I glanced at the number and made up my mind that right here was something that made this business a pleasurable one. I didn’t say that to Velda. Maybe I’m being conceited, but I’ve always had the impression that she had designs on me. Of course she never mentioned it, but whenever I showed up late in the office with lipstick on my shirt collar, I couldn’t get two words out of her for a week.
I stacked the sheaf back on my desk and swung around in the chair. Velda was leaning forward ready to take notes. “Want to add anything, Mike?”
“Don’t think so. At least not now. There’s too much to think about first. Nothing seems to make sense.”
“Well, what about motive? Could Jack have had any enemies that caught up with him?”
“Nope. None I know of. He was square. He always gave a guy a break if he deserved it. Then, too, he never was wrapped up in anything big.”
“Did he own anything of any importance?”
“Not a thing. The place was completely untouched. He had a few hundred dollars in his wallet that was lying on the dresser. The killing was done by a sadist. He tried to reach his gun, but the killer pulled the chair it hung on back slowly, making him crawl after it with a slug in his gut, trying to keep his insides from falling out with his hand.”
“Mike, please.”
I said no more. I just sat there and glowered at the wall. Someday I’d trigger the bastard that shot Jack. In my time I’ve done it plenty of times. No sentiment. That went out with the first. After the war I’ve been almost anxious to get to some of the rats that make up the section of humanity that prey on people. People. How incredibly stupid they could be sometimes. A trial by law for a killer. A loophole in the phrasing that lets a killer crawl out. But in the end the people have their justice. They get it through guys like me once in a while. They crack down on society and I crack down on them. I shoot them like the mad dogs they are and society drags me to court to explain the whys and wherefores of the extermination. They investigate my past, check my fingerprints and throw a million questions my way. The papers make me look like a kill-crazy shamus, but they don’t bear down too hard because Pat Chambers keeps them off my neck. Besides, I do my best to help the boys out and they know it. And I’m usually good for a story when I wind up a case.

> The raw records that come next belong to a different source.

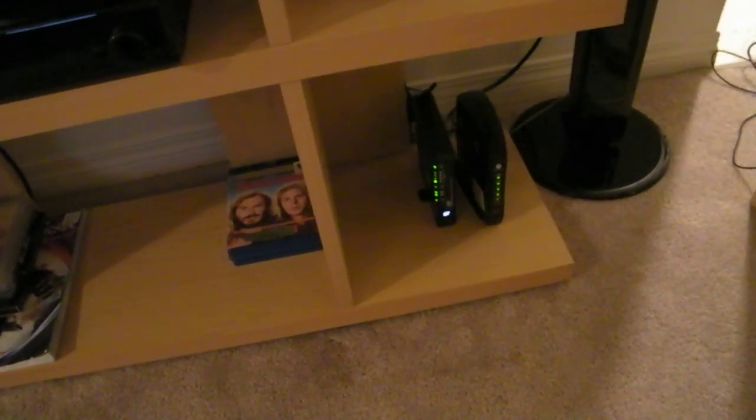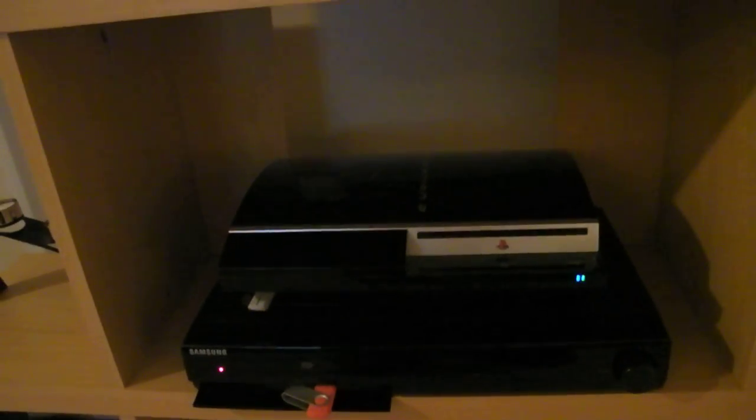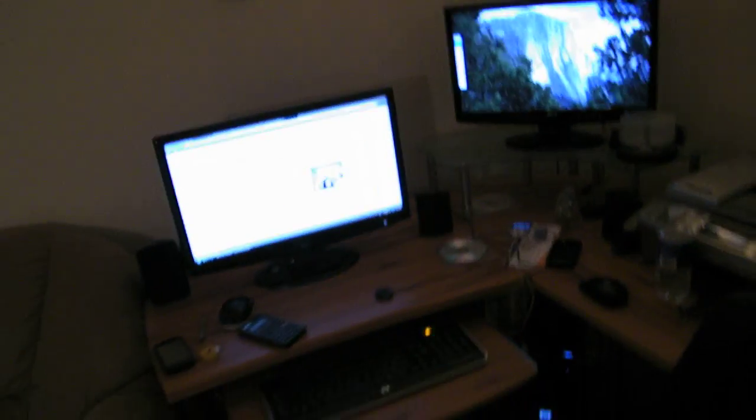First of all, I got a cable modem and router right there, wireless, which is hooked up to the PlayStation right here. The PlayStation is obviously hooked up to the TV, and then there's a wireless connection to the computer right here.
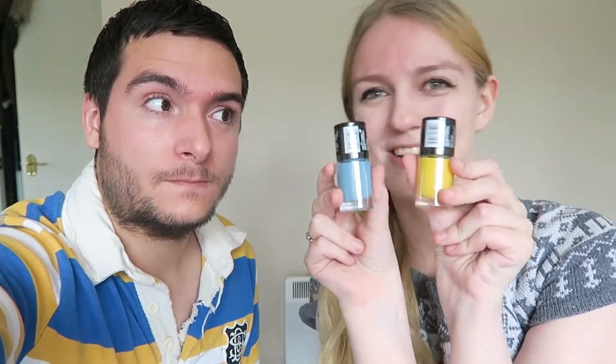We've actually been out and bought some nail varnish - really cheap ones from the pound shop - and I'm excited to show you which ones we got! You got some pretty interesting colors! First up, Adam's in blue and yellow, so we got a blue and yellow nail varnish to match Adam's outfit. I'm all coordinated now! So whatever we draw, we could technically draw you in that outfit!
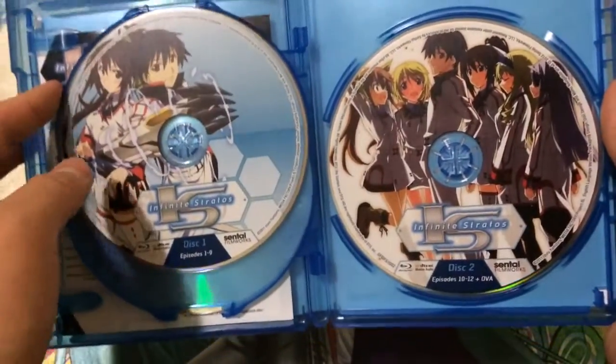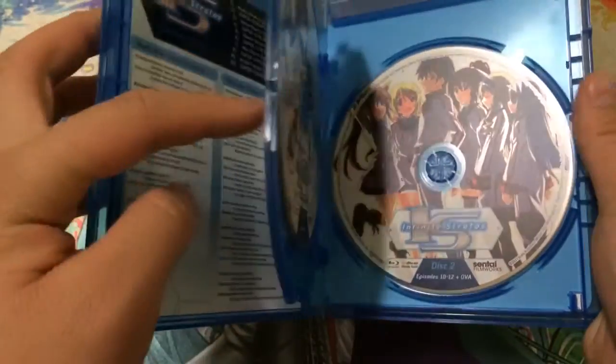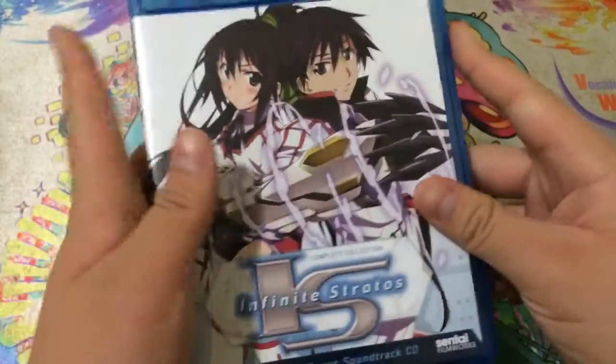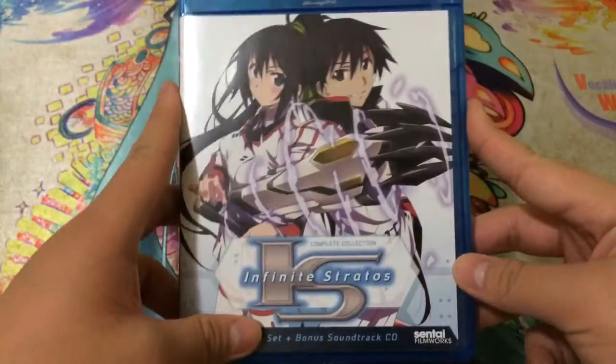I don't know if they have a Blu-ray out for the second season yet, but if I see that for a decent price, I'll definitely pick that up. So this has just been a quick look at the Infinite Stratos Complete Collection on Blu-ray. Hope you guys enjoyed — definitely thumbs up the video and subscribe if you want to see more of this content.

Velda came back into the office with the afternoon edition of the sheets. The kill was spread all over the front page, followed by a four-column layout of what details were available. Velda was reading over my shoulder and I heard her gasp.
“Did you come in for a blasting! Look.” She was pointing to the last paragraph. There was my tie-up with the case, but what she was referring to was the word-for-word statement that I had made to Jack. My promise. My word to a dead friend that I would kill this murderer as he had killed him. I rolled the paper into a ball and threw it viciously at the wall.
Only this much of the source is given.